The clearest case for allowing indemnification is where there is an express contract of indemnification. See, e.g., Southern Ry. v. Springs Mills, Inc., 625 F.2d 496 (4th Cir. 1980); Prosser, Handbook of the Law of Torts 310 (4th Ed. 1971). It is undisputed that there was no express contract of indemnification between McCain and Rockwell; the contract upon which McCain relies is the agreement between the parties under which Rockwell would assist in the refurbishing of the bracket trimmer. This action, whether viewed as sounding in negligence or breach of contract, must therefore be viewed as a claim for common-law noncontractual indemnity.

The general rule regarding noncontractual indemnity is that a restitutionary principle is applied:

to the situation where one person discharges a liability that has been imposed on him by operation of law, but which — because of another's `primary' fault — should have been discharged by the other. The distinction between primary and secondary liability for this purpose is not based on a mere difference in degrees of fault but rather on a `difference in the character or kind of the wrongs which caused the injury and in the nature of the legal obligation owed by each of the wrongdoers to the injured person.' Where the indemnitee's liability is merely constructive, vicarious or derivative, the burden for the entire loss may be shifted to the indemnitor whose actual fault caused the injury.

White v. Johns-Manville Corp., 662 F.2d 243 at 249 (4th Cir. 1981). (Citations omitted).

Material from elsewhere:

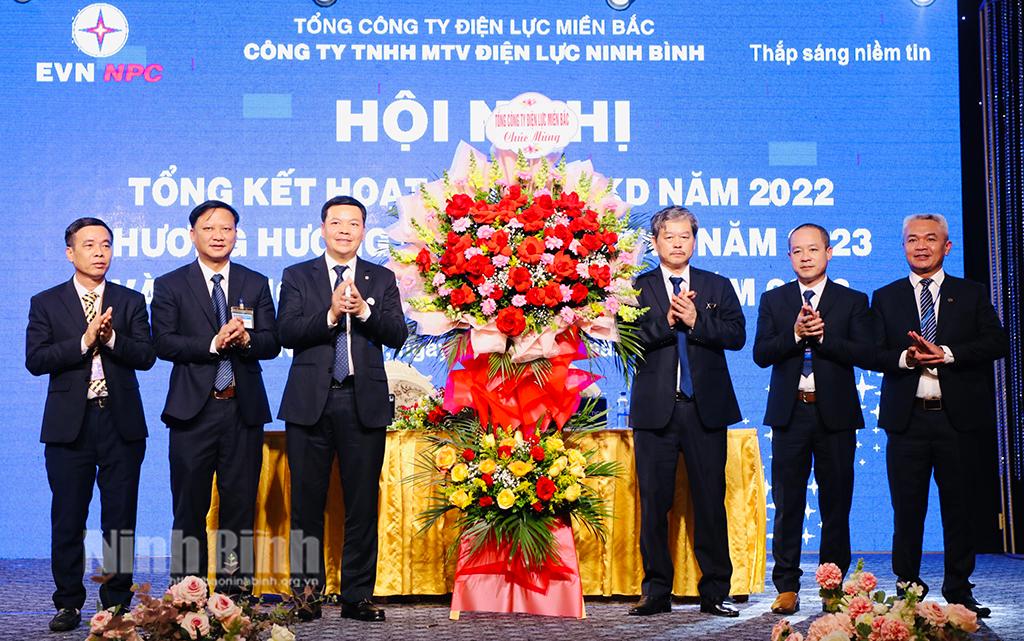 Công ty Điện lực Ninh Bình triển khai nhiệm vụ năm 2023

The law in South Carolina has been stated as follows:

Ordinarily, if one person is compelled to pay damages because of negligence imputed to him as the result of a tort committed by another, he may maintain an action over for indemnity against the person whose wrong has thus been imputed to him; but this is subject to the proviso that no personal negligence of his own has joined in causing the injury.

Addy v. Bolton, 257 S.C. 28, 34, 183 S.E.2d 708, 710 (1971), quoting Atlantic Coast Line R. R. v. Whetstone, 243 S.C. 61, 70, 132 S.E.2d 172, 176 (1963). The right to indemnification is well recognized in South Carolina where, for example, an employer seeks indemnification from an employee whose negligence has been imputed to the employer under the doctrine of respondeat superior, causing the employer to be liable to a third person. See Sky City Stores, Inc. v. Gregg Security Services, Inc., S.C., 280 S.E.2d 807 (1981); Bell v. Clinton Oil Mill, 129 S.C. 242, 124 S.E. 7 (1924).

To avail itself of the right to noncontractual indemnity, the plaintiff McCain must make essentially two showings: first, that McCain was under a legal compulsion to pay Dale Morris and was therefore not a volunteer in doing so, see, e.g., Travelers...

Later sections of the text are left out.